The brilliance of the piece comes from the twist on a classic love triangle which is mutated to include the hero-admirer relationship and the fact that every act of romance and innocence is met with a complimentary scene of perversion or violence in gruesomely uncomfortable detail. Yet, surprisingly, the book manages to avoid resorting to the need for good and evil but instead seems to replace them with love and ideals. After all, The Sailor Who Fell from Grace with the Sea is nothing if not a love story. Whether the love is by a man for a woman, a man for the sea, or a boy’s love for the sea and all the men who sail it.

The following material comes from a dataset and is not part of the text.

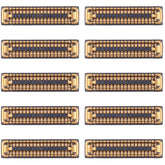 10 PCS Motherboard LCD Display FPC Connector for Huawei P Smart Z, For Huawei P Smart Z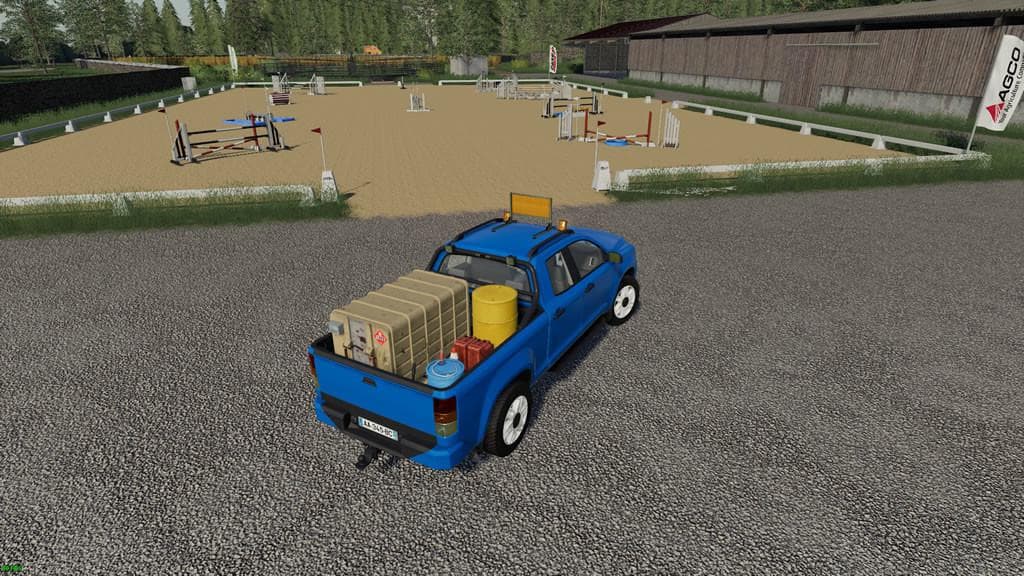 Pickup 2014 Transport Service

All of these complex relationships and concepts are presented in a compact 40,000-word narrative and yet, despite its short length, the novella doesn’t lack in depth. Instead, it presents itself with the same economic considerations as the works of Camus or Borges who eliminate everything but the most matter-of-fact, absolutely crucial lines. The writing finds no need for exaggerated descriptions or the finest of details but leaves the mind to imagine for itself, knowing that the plot and its progression carry the true weight of the story and would only be hindered by anything which wasn’t entirely necessary. Even so, and even through John Nathan’s exceptional translation, the novella is more poetic than the majority of its literary peers, in which any attempt to be poetic falls short, feeling simply grandiose, bloated and lifeless compared to Mishima’s work.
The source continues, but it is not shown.